Tuesday, April 28, 2009

"Clock of the Long Now"


I noted in a recent post the unfortunate trend among youngsters to say they expect a bleak future (at best) for humans on this planet.

The Long Now Foundation's Millennium Clock project is designed to rescue us all from the blinders of short-term thinking, and to encourage its hopeful opposite. Novelist Michael Chabon:

When I told my son about the Clock of the Long Now, he listened very carefully, and we looked at the pictures on the Long Now Foundation’s website. “Will there really be people then, Dad?” he said. “Yes,” I told him without hesitation, “there will.” I don’t know if that’s true, any more than do Danny Hillis and his colleagues, with the beating clocks of their hopefulness and the orreries of their imaginations.But in having children—in engendering them, in loving them, in teaching them to love and care about the world—parents are betting, whether they know it or not, on the Clock of the Long Now.
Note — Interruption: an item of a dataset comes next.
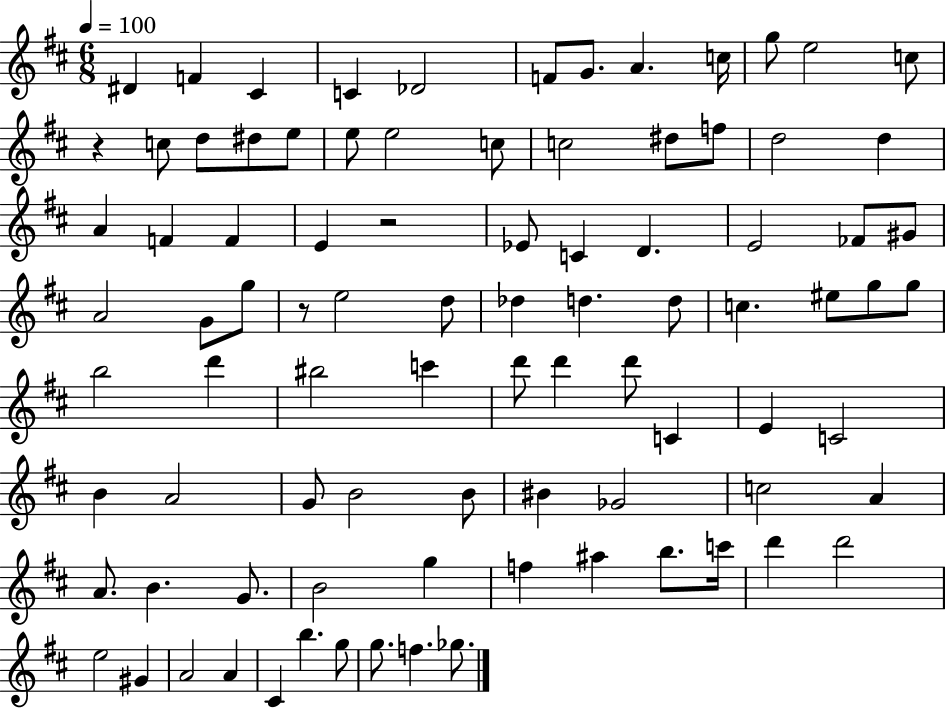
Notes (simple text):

D#4/q F4/q C#4/q C4/q Db4/h F4/e G4/e. A4/q. C5/s G5/e E5/h C5/e R/q C5/e D5/e D#5/e E5/e E5/e E5/h C5/e C5/h D#5/e F5/e D5/h D5/q A4/q F4/q F4/q E4/q R/h Eb4/e C4/q D4/q. E4/h FES4/e G#4/e A4/h G4/e G5/e R/e E5/h D5/e Db5/q D5/q. D5/e C5/q. EIS5/e G5/e G5/e B5/h D6/q BIS5/h C6/q D6/e D6/q D6/e C4/q E4/q C4/h B4/q A4/h G4/e B4/h B4/e BIS4/q Gb4/h C5/h A4/q A4/e. B4/q. G4/e. B4/h G5/q F5/q A#5/q B5/e. C6/s D6/q D6/h E5/h G#4/q A4/h A4/q C#4/q B5/q. G5/e G5/e. F5/q. Gb5/e.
They are betting on their children, and their children after them, and theirs beyond them, all the way down the line from now to 12,006. If you don’t believe in the Future, unreservedly and dreamingly, if you aren’t willing to bet that somebody will be there to cry when the Clock finally, ten thousand years from now, runs down, then I don’t see how you can have children.

And, having them, how you can indulge the attitude of despair. Let's wind that clock.